Her grown sons in this movie are played by Tyrone Power as the charming scamp and ne’er do well; Don Ameche as the good son who battles poverty (his own) and injustice (other people’s) as a lawyer; and Tom Brown as the baby of the family who marries the Swedish hired girl and helps Ma with her laundry deliveries.

Another great image in the movie is when they first arrive in the boomtown of Chicago, and we are plunked down with them in a maze of wooden hovels, saloons, and shops all nestled in a spectacular sea of mud. Pedestrians are knee-deep in mud, horses get stuck in it.

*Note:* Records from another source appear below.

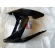 Carenagem Mascara Frontal Do Farol Bros 160 Nxr160 2015 2016 2017 2018 Preta Original Honda 61301KREG00ZB - Preta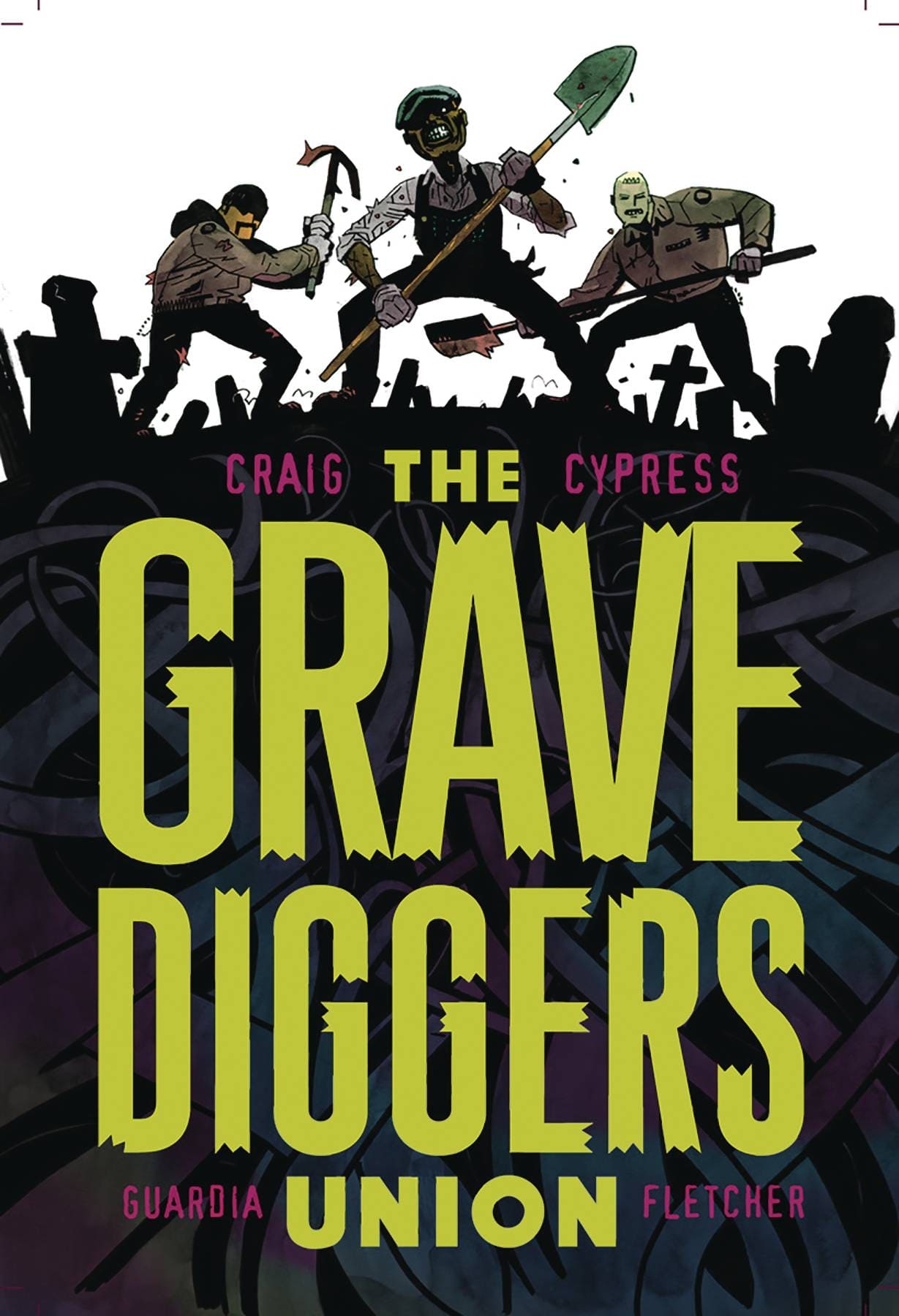 IMAGE COMICS TRADE GRAVEDIGGERS UNION TP VOL 01 (MR)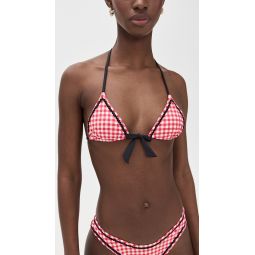 Coastal Bikini Top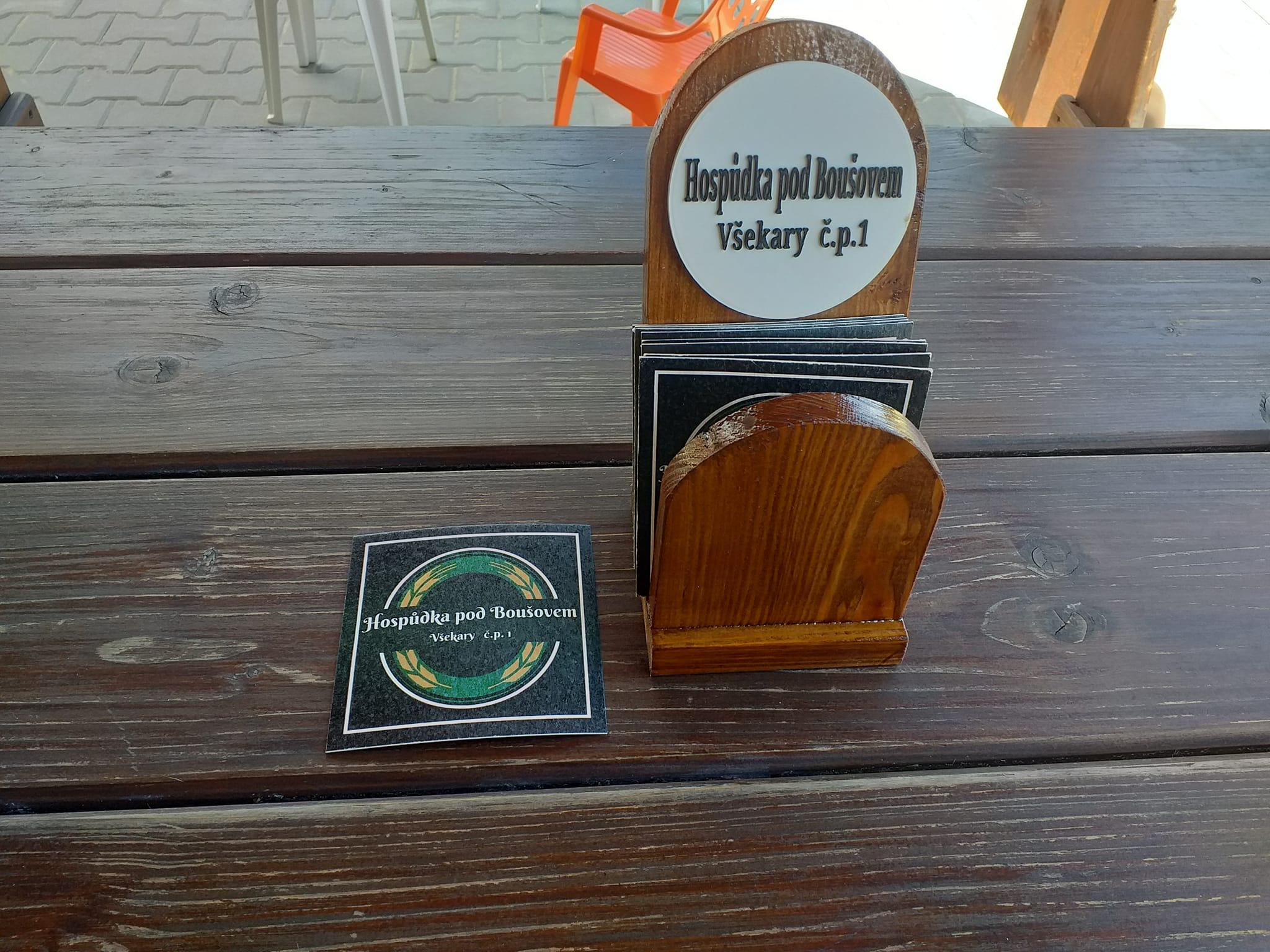 Hospůdka pod Boušovem foto 4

In such a dirty place, Widow O’Leary starts a laundry business. Another great visual is a panning shot of Alice Brady wrestling clothes from a network of lines in her backyard into a basket.

Tyrone Power dirties his own hands with saloons and political graft in this shanty neighborhood called The Patch (in this movie The Patch is meant to refer to a particular shabby sort of red light district, but in the 19th century many Irish immigrant neighborhoods in American cities were often referred to as The Patch).

Tyrone’s rival is a ruffian saloon owner played by Brian Donlevy, who made a career out of playing essentially the same scoundrel from film to film. They both admire Donlevy’s new stage act, the lovely Miss Alice Faye.  There are several musical numbers in the movie.

One gets the sense of something really special happening with Tyrone Power, Don Ameche, and Alice Faye all seeming to get their big break in this movie. They are all young and beautiful, and on the rise. 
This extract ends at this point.